(Short descriptive text snippets)

*** Block opens ***

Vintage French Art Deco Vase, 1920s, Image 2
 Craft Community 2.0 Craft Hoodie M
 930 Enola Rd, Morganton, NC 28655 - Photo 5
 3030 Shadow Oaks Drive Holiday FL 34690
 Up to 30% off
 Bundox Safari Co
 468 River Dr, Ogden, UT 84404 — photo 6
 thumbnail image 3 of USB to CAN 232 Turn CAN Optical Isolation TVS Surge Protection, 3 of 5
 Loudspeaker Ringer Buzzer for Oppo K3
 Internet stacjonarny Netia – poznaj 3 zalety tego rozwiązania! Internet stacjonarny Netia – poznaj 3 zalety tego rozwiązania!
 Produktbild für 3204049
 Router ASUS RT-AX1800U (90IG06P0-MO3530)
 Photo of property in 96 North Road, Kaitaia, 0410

*** Block closes ***

◆ **Exercise**
From the line containing "Produktbild für 3204049" to the final line of the data, repeat each line exactly. Include both ends.

◆ **Response area**
 Produktbild für 3204049
 Router ASUS RT-AX1800U (90IG06P0-MO3530)
 Photo of property in 96 North Road, Kaitaia, 0410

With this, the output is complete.